After I downloaded the opensource java libs and got it running with eclipse and maven I did some testing with my Metalcon data set. And I have been very satisfied and the whole project looks very promesing to me. I exported 4 relations from my MySQL Database.
- UserUserFriend containing all the friendship requests
- UserProfileVisit containing the profiles a user visited
- UserMessage containing the messages between users
- UserComment containing the profile comments between users
These relations obviously form a graph on my data set. Reading the several 100’000 lines of data and put them into the graph data structure and building a search index on the nodes only took several seconds runtime. But I was even more impressed by the speed with which it was possible to traverse the graph!

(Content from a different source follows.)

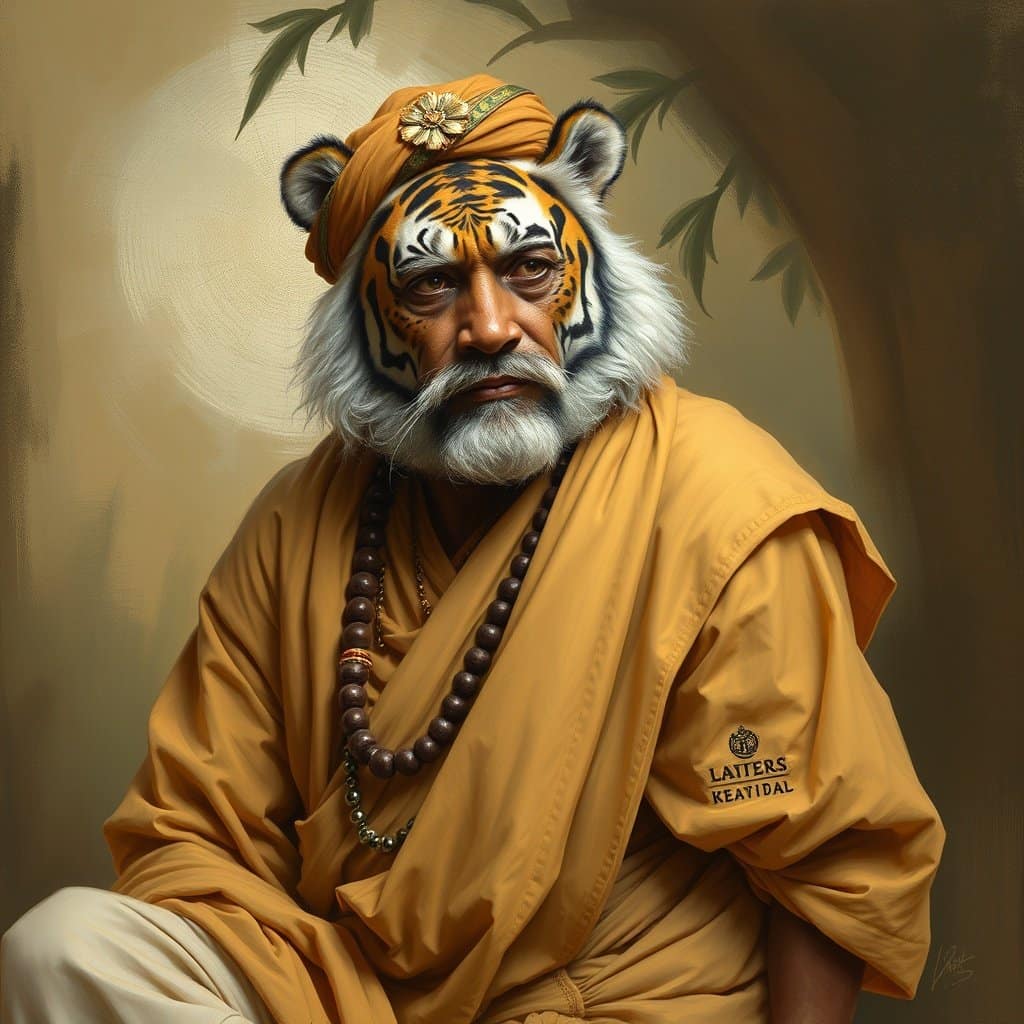 The tiger swami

Receiving the shortest path between two users of length 4 only took me 150 milliseconds. Doing a full bredthfirst search on a different heavily connected graph with 290’000 edges only took 2.7 seconds which means that neo4j is capable of traversing about 100’000 edges per second.
Now I will have to look more carefully to my usecase. Obviously I want to have edges that are labled with timestamps and retrieve them in orderd lists. Adding key value pairs to the edges and including and index is possible which makes me optimisitic that I will be able to solve a lot of my queries of interest in an efficiant manner.
Unfortunately I am batteling around with Google Webtoolkit and Eclipse and Neo4j which I want to combine for the new metlcon version but I even asked the neo4j mailinglist with an very emberassing question and the guys from neotechnology have been very kind and helpful (even thogh I still couldn’t manage to get it running) I will post an article here as soon as I know how to set everything up.
In General I am still a huge fan of relational databases but for a usecase of social networks I see why graph data bases seem to be the more sophisticated technology. I am pretty sure that I could not have perfomed so well using MySQL.
What is your experience with graph data bases and especially neo4j?